The deaths of pastors Neuman Britton and Earl Jones are markers of the decline of racist Christian Identity.
The deaths of Neuman Britton of California and Earl Jones of New Mexico, both pastors of the racist Christian Identity religion, are further markers of the shift by American extremists away from older philosophies like Identity towards harder-edged versions of neo-Nazism.
Britton, 75, who died of cancer on Aug. 18 at his home in Escondido, Calif., was a long-time icon of the white supremacist movement and the designated successor of neo-Nazi Aryan Nations leader Richard Butler.
In 1964, he helped Ku Klux Klan members to organize an attack on blacks who were enjoying a newly integrated beach in Florida. Throughout much of the 1980s and 1990s, Britton was an annual speaker at Butler's Aryan World Congresses in Hayden Lake, Idaho.
For a period, Britton was married to Joan Kahl, widow of Gordon Kahl, an anti-Semitic murderer of three lawmen who was himself killed in a shootout with authorities in 1984.
Earl Jones, who died from natural causes on Sept. 19, spent years blasting Jews and interracial marriages at Christian Identity assemblies across the country.
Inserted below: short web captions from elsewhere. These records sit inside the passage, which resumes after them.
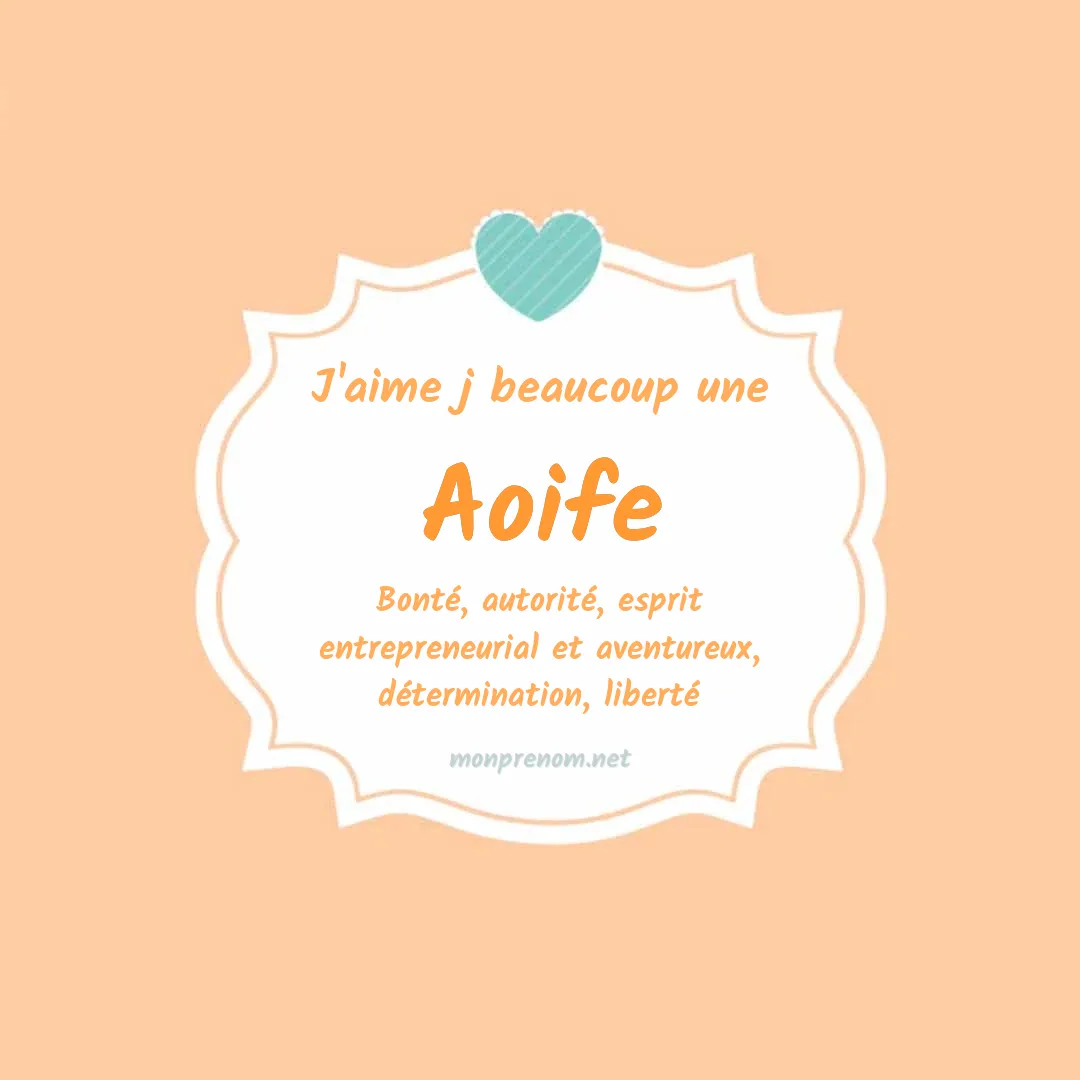 j'aime beaucoup Aoife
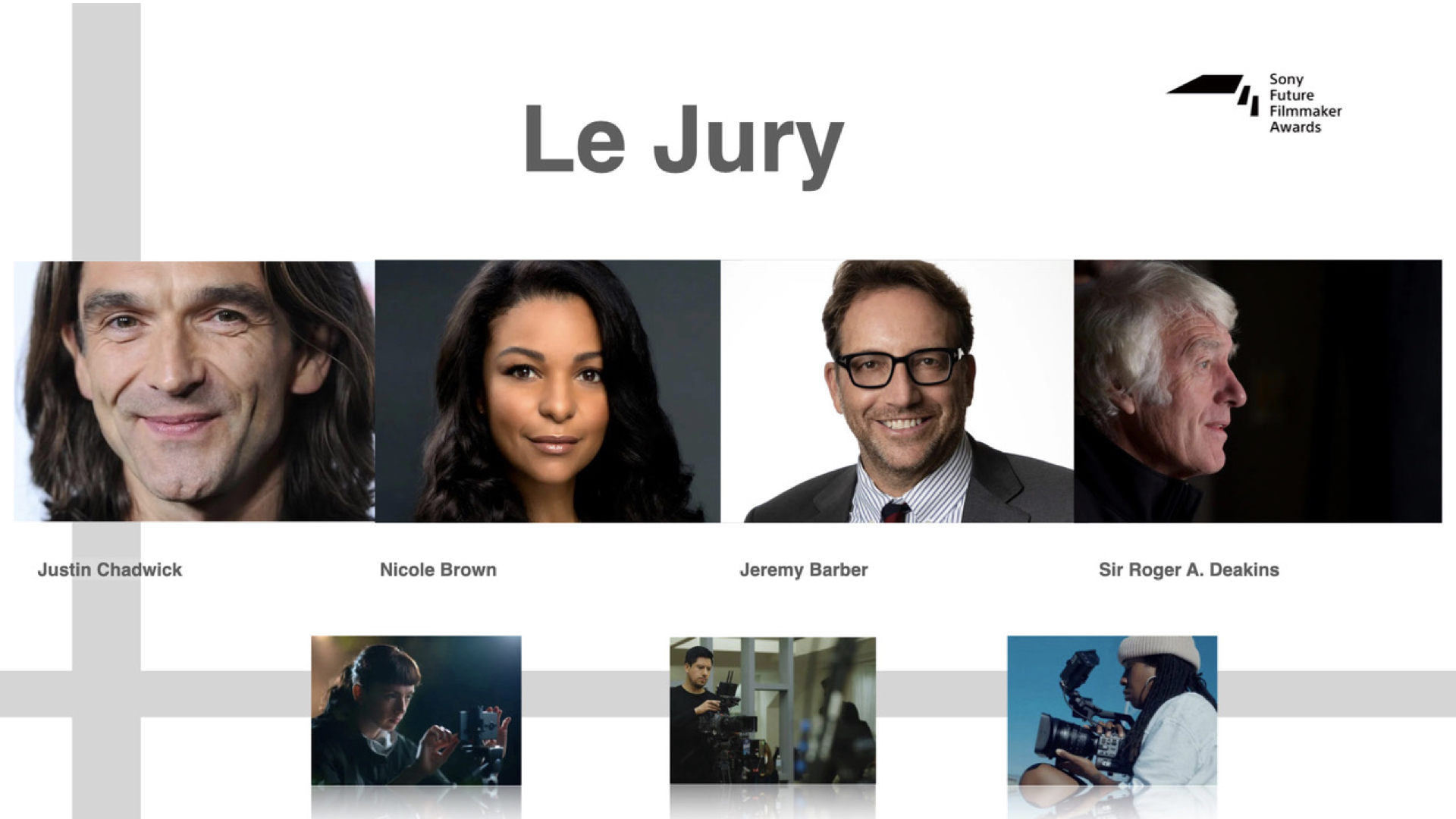 Lire la suite à propos de l’article Sony présente le jury du Future Filmmaker Awards 2023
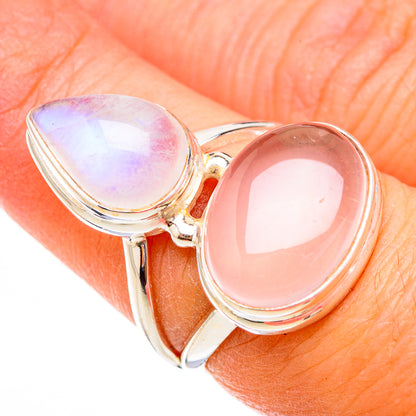 Rose Quartz Rings handcrafted by Ana Silver Co - RING125926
A participant in a famous 1992 Estes Park, Colo., meeting that drew together scores of American extremists and helped kick off the antigovernment militia movement, Jones headed the Christian Crusade for Truth based in Deming, N.M.
The deaths of the two elderly racists follow that in May of Robert Millar, head of the Christian Identity Elohim City compound in Oklahoma.
Young racists today are far more likely to embrace anti-Christian, nihilist forms of neo-Nazism than Identity. The number of Christian Identity groups has been dropping steadily for years, from 81 in 1997 to 32 in 2000. Few new Identity pastors are emerging to take the places of these fallen patriarchs of hate.